Six Tools for Decreasing Clinical Trial Delays


Applied Clinical Trials

The logistics involved in running a global image-intensive clinical trial are exceptionally complex. Just one submission error can cost up to seven weeks of trial delay, millions of sponsor dollars, and the potential loss of patient data.

Why do we wait until an image reaches its final destination before we inspect it, reject it, send it back for correction or, worse, deem it “unevaluable”?

Conducting an imaging trial is expensive, time-sensitive and risky. Providing investigator sites with the right tools to assemble and submit their clinical trial data, and ensuring that the quality and completeness of their work is automatically checked prior to submission greatly enhances the efficiency of the downstream process of converting this input into usable trial data by the imaging core labs (ICLs).

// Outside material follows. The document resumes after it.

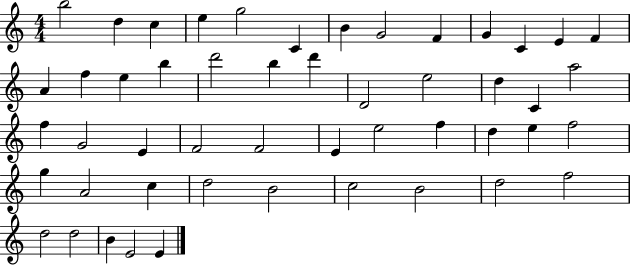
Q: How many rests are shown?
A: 0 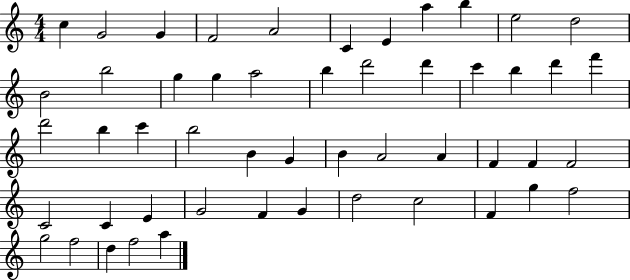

The following tips show how, by advocating the use of the proper tools and a validated delivery platform for the submission of imaging data by the sites, a trial sponsor can mitigate the risk of error and ensure the highest level of quality for its data at the source.

Improve workflow automation
Investigators and site study coordinators participate in multiple trials from different sponsors requiring different types of submissions to various ICLs. This is akin to workingin a flexible manufacturing environment in which workers assemble one part today, and another tomorrow. As the requirements for the assemblies vary, the workflow to complete each assembly must vary as well. Workflow automation should guide study coordinators through the necessary steps for each particular trial submission, providing different tools that reflect the protocol-specific requirements of each.

The user interface should only present the tools required, in order, so that study coordinators follow every step properly.

Ensure consistent ease of use
The user interface must be consistent across all tools to reduce training requirements.

Instate quality checks
The tools for each operation must have embedded in them quality control functionality which is constantly in the background checking for errors in data acquisition and data entry. If errors or inconsistencies within or across steps are detected, the tool should alert and guide the user to make the proper input.

Minimize manual data entry
The right tools, presented in the most efficient order will help the study coordinator:
• Enter the correct values in the deidentification process.
• Replace without human intervention those tags for which constants for the site or trial can be used.
• Pre-populate transmittal forms to ensure consistency.
• Facilitate the inclusion of additional files or information to the submission.
• Perform automated checks, on-site, of protocol compliance. These may include anatomical completeness, contrast perfusion and proper series sequencing as required on a trial-by-trial basis.
• Identify if any data is outside protocol parameters to enable corrections for future submissions.

Integrate downstream
The submission of medical image time points should be fully integrated with the rest of the trial information support systems so study coordinators don’t have to enter information about one subject twice. All submissions and their data should automatically update the systems at the ICL, CRO, and sponsor in real time.

Establish efficient delivery
User-entered data should not be subjected to manual re-entry at the core lab/CRO. Since quality checks have occurred during the assembly of the submission, re-entry can introduce errors, data quality degradation, and loss of tracking ability back to the source.

The key to lessening clinical trial delays is an environment where sites can be trusted to do the right thing, recognizing that although participating in clinical trials is an important part of their mission, their priority is caring for patients.

This requires supplying them with proper tools that take into account a number of critical elements about “life at the site”—not just those that help get data to their ICLs faster. These require the least amount of training and help whoever is piecing the data together to complete their task as effortlessly as possible, while checking at every step that their final product is properly assembled.

Give site coordinators the right tools, and trust that query rates will be drastically reduced.